Exercise aim:
There should be no pictures in your answer, only an exact copy of the lines from the one with "Young student caucasian" through the end of the material.

Supplied information:
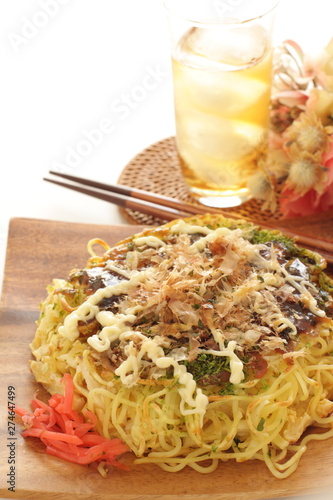 Japanese food, noodles pancake Okonomiyaki photo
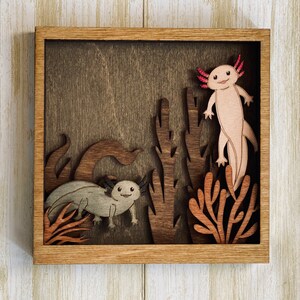 May include: A wooden wall art piece featuring a brown background with a cutout of two axolotls, one pink and one grey, surrounded by brown and orange cutout plants.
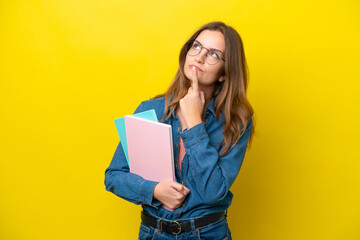 Young student caucasian woman isolated on yellow background having doubts while looking up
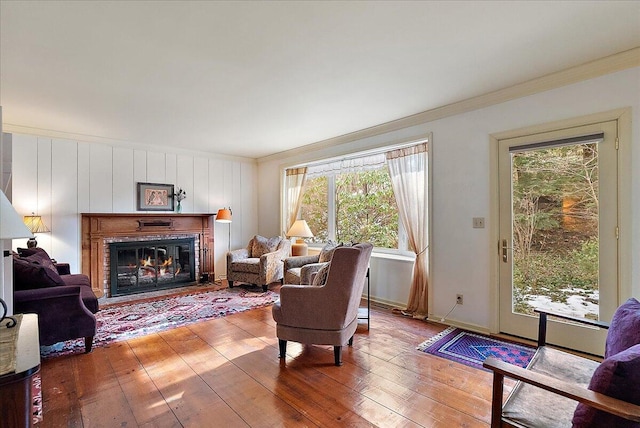 living room with wood-type flooring and ornamental molding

Written response:
 Young student caucasian woman isolated on yellow background having doubts while looking up
 living room with wood-type flooring and ornamental molding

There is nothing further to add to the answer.